Source data
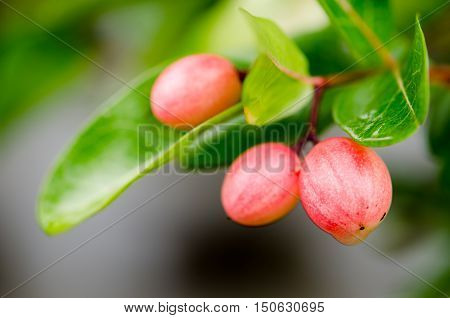 Mango Lime yawn yelllime nature organic pattern plant red white yawn yell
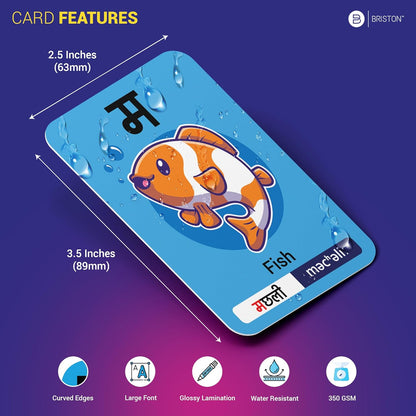 Briston Hindi Alphabet Flash Cards with Audio – Learn Hindi Letters and Pronunciation for Kids and Adults – Educational Language Learning Flashcards for Beginners, Classroom, Homeschool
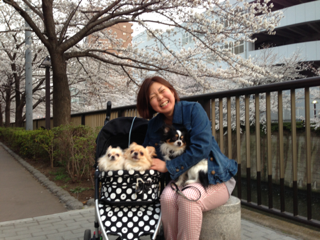image-20130330040734.png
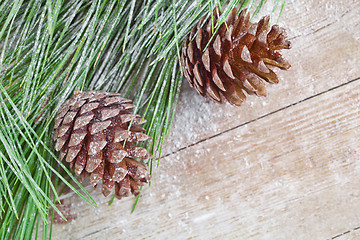 Image showing christmas fir tree with pinecones 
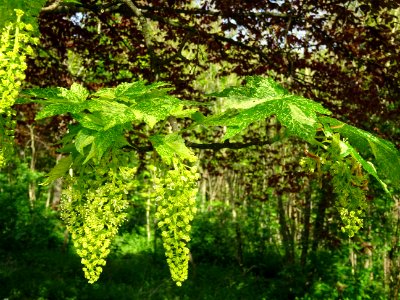 Feuilles et grappes de fleurs de l'Erable sycomore à feuil… 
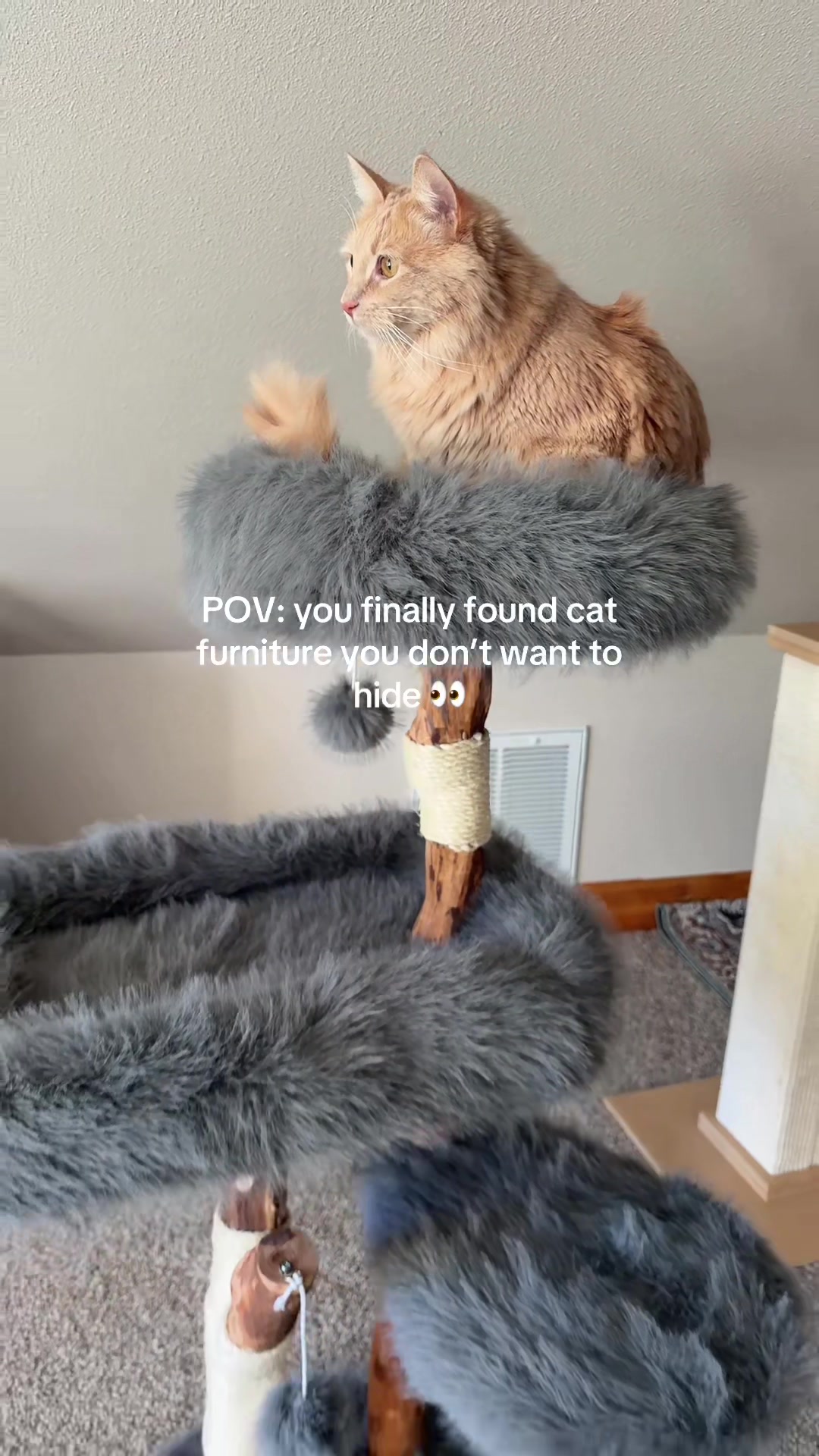 @Velvet Paws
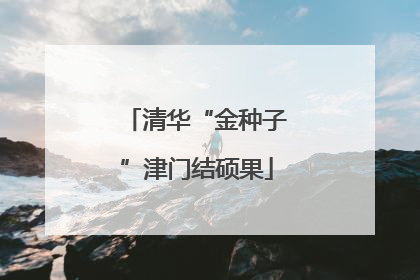 清华“金种子”津门结硕果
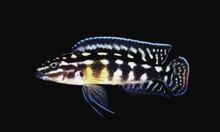 Julidochromis	marlieri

### Task item
Only the lines from the line with "Image showing christmas" through the end of the entries above, copied exactly and with both ends included, belong in the response; the pictures do not.

### Solution to the problem
 Image showing christmas fir tree with pinecones 
 Feuilles et grappes de fleurs de l'Erable sycomore à feuil… 
 @Velvet Paws
 清华“金种子”津门结硕果
 Julidochromis	marlieri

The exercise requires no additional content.